A word about childhood heroes. Well, perhaps a word about one of my childhood hero’s and the man who is still one of my hero’s. The year I was born was the final season of America’s first western TV show, Hop-a-long Cassidy. The actor William Boyd first stared as Cassidy in 1935 in the movie Hop-along Cassidy. This movie turned into a film series and eventually the first television horse-opera.

The fact that the series ended shortly before my birth didn’t keep me from seeing it. Thanks to syndication, I saw every episode and every film, more times than I can count. My hero Hoppy was a bigger than life character, and the actor who portrayed him happily threw himself into the role, even off camera. To thousands of children, for the rest of his life, he was William Hop-a-long Cassidy.

As written, in the books, Cassidy was a cantankerous, aging cowboy and gunfighter, that drank, smoked, chewed tobacco, and gambled. The primary character in a long-running pulp fiction series of books. I have read every single book in the series and love them. But William Boyd didn’t see his Hoppy the same way that author Clarence E. Mulford saw the character. Mulford wrote about the wild blooded, redheaded foreman of a West Texas Ranch. A man wounded in his hip in a gun battle in his youth who hopped when he walked, hence the name, Hop-a-long. While Mulford’s Cassidy was a likable enough fellow, he wasn’t what Boyd saw as a role model for children.

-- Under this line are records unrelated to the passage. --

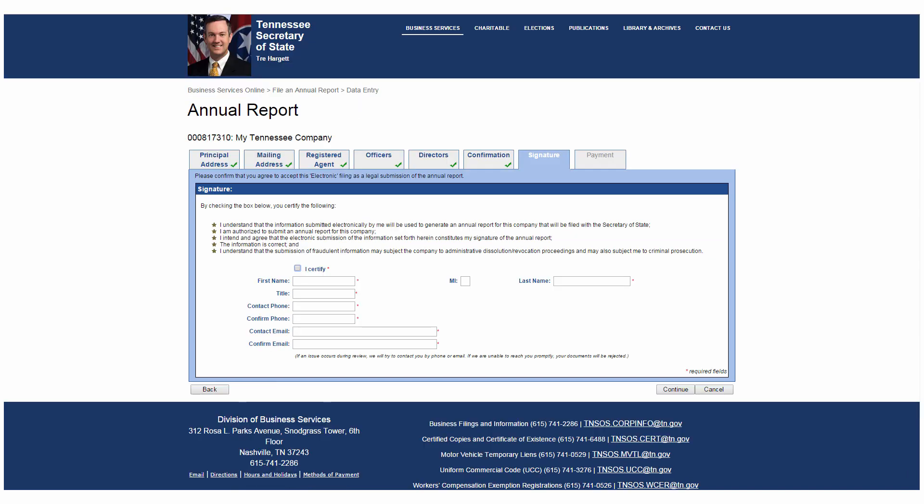You're almost done. This signature tab requires you to certify you understand you are filing a report with the Secretary of State or authorized to submit the report for the entity. This electronic submission constitutes your digital signature, the information is correct, and you understand any fraudulent information may subject the company to being administratively dissolved or even criminal prosecution. Check I certify and fill in all the required information. Then click Continue.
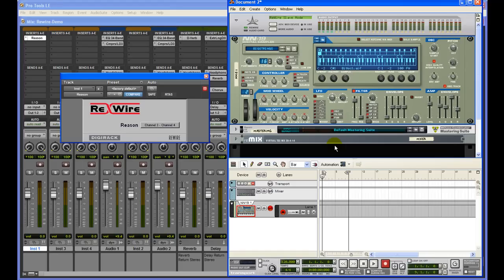That's how you simply rewire Reason into Pro Tools, and it's pretty straightforward. I hope you enjoyed the video. To watch more content, go to homestudiosound.com where you can find a lot of articles I've written on this topic. Thank you.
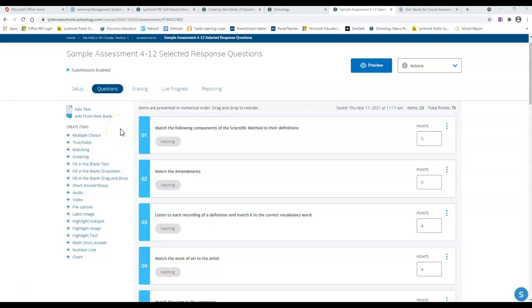As you're working in your Schoology assessment area, you might notice in the questions tab there's an option to add from an item bank.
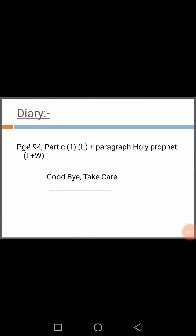Student, your diary is mentioned here. Page number 94, part C, question number 1. You will learn plus write a paragraph about Holy Prophet, peace be upon him. You will learn plus you will write also. Goodbye and take care.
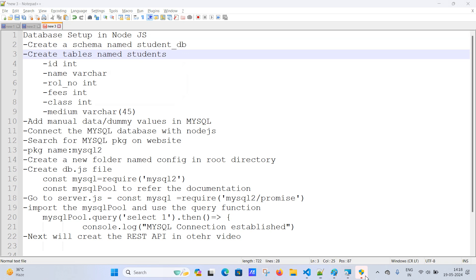The next column is 'fees', also an integer. Then 'class', which is an integer depending on the student's section. Finally, 'medium' — the medium the student belongs to, like English, Hindi, Marathi, or Gujarati — declared as VARCHAR with length 45. The first column, 'id', will be the primary key. The students table is now created.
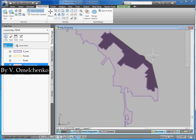I think you'll agree that it is very easy to create and edit Feature Geometries in AutoCAD Map 3D. Thank you for your attention.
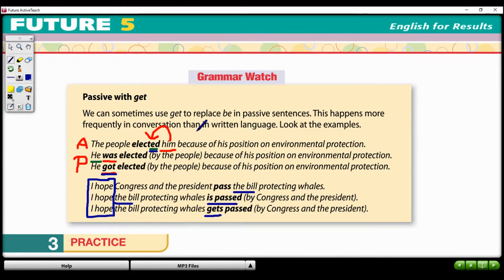Any questions on the form and function of the passive voice with either the be verb or with 'get'? We're going to practice this a little more tomorrow. I just wanted to introduce the grammar lesson to you today.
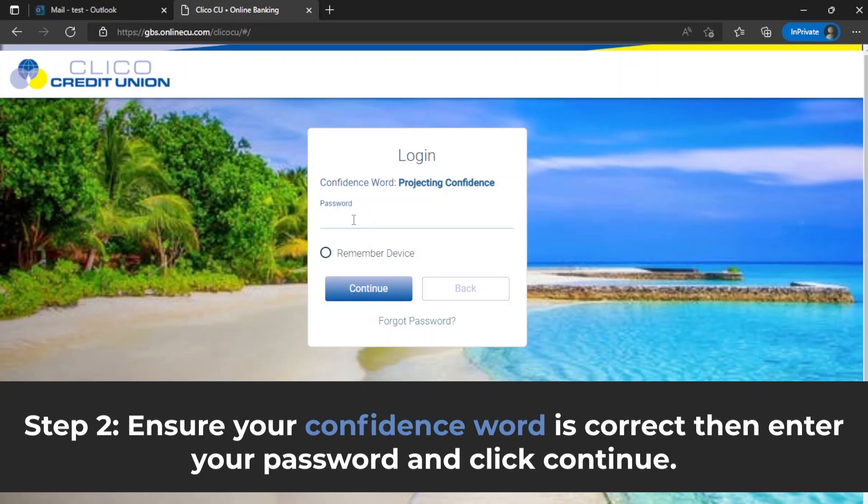Step 2. Ensure your confidence word is correct then enter your password and click continue.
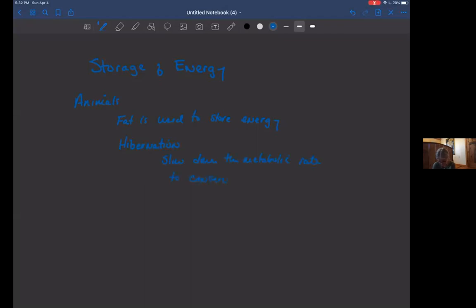And so specifically in temperate or cold climates, the mammals might hibernate in order to conserve energy.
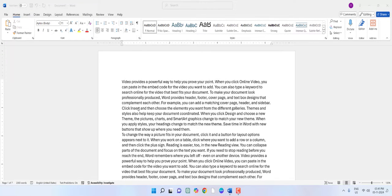Hi and welcome, I am MG. In this video I will show you how to delete blank pages in MS Word.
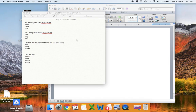Hey guys, it's Alyssa. I am finally getting around to showing y'all how I use Trello, and I thought it would be good to show y'all how I developed this and why it came to be.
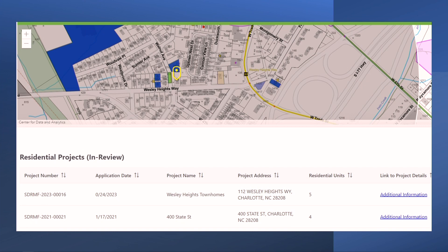For some residential projects in review, you will see a link to project details. This link takes you directly to the Citizen Acela portal, which provides specific details on the project.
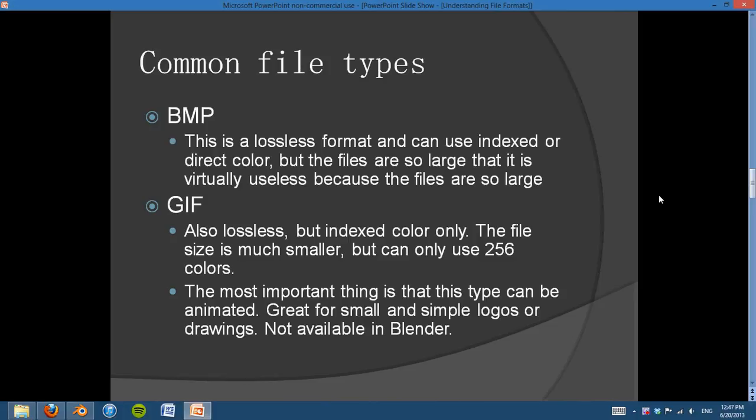It's almost twice as large as the PNG. So basically, don't use the BMP. It's very old and it doesn't work that well.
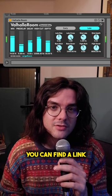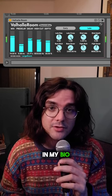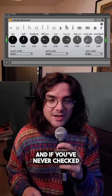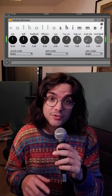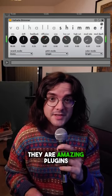You can find a link to these devices in my bio, and if you've never checked Valala DSP, you should. They are amazing plugins.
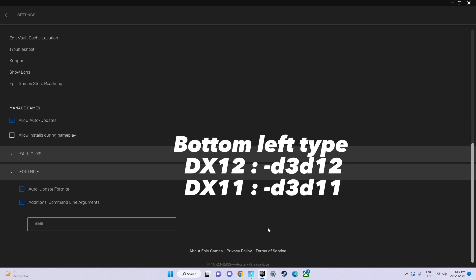Same thing for DirectX 12. All you have to do is change the last numbers to 12: dash D3D12.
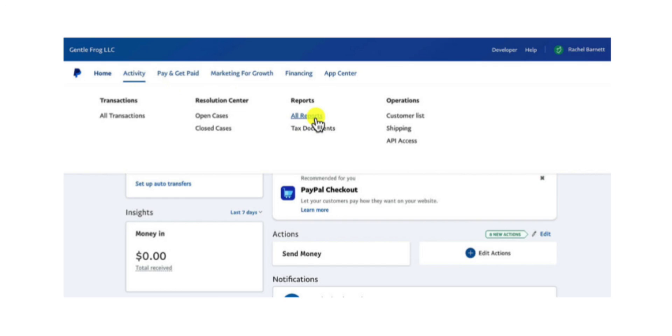To download your statements, first click Activity in the PayPal main menu, then select All Reports on the left-hand side.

Acutely aware that children would be drawn to the character of Cassidy, Boyd insisted on changes. Part of the reason can be traced back to his A-list star power and how it shattered overnight. A stage actor named William ‘Stage’ Boyd arrest for Alcohol and Drug Possession at the height of Prohibition harmed both player’s carriers. William Boyd’s (the film star) picture ran in an article about the other fellow's arrest, destroying his career. For several years Boyd was persona-non-grata in Hollywood. Once he landed the role of Cassidy, he decided to mold himself into a role model for anyone, especially children. To protect his second chance, Boyd refused to allow the character to be portrayed on screen as written.

Perhaps if Boyd hadn’t been such a bankable star, Mulford would have won, and Hoppy would have been a foul-mouthed antihero. The fact that Boyd’s films always turned a 100% plus profit carried a lot of weight. No film that William Boyd appeared in every lost money. No other Hollywood actor can make that claim. Boyd’s protection of his version of Hop-along Cassidy ran deep, turning down any role that wasn’t Hoppy that might damage anyone’s view of the Cassidy Character.

Some of my earliest memories are watching the TV reruns, or movies and seeing William Boyd after the show, still in character. He would tell me to be kind to my friends, to treat others as I wanted to be treated, and to always remember to wear my goulashes when it rained, or other helpful tips.

Years later, as grown man, I saw an interview with an aging Boyd, in some documentary about westerns, where he said, “In 1935 I meet a fellow called Hoppy, and he changed my life.” Along with such notable western icons of the 1950’s TV fair, The Lone Ranger, The Cisco Kid, and others, William Lawrence Boyd as Hop-a-long Cassidy helped shape my love of Westerns.

If you ever get the chance catch some of the TV shows or movies you should watch them. Hopefully, Hoppy will come on after the show and give some sage words of advice for young people. So, there is no mistake, as a child my Hero was Hop-a-long Cassidy (both in book form and on the screen). However, as an adult, I admire the man William Boyd, far more than the fictional character in the books or that larger than life silver screen image that Boyd played.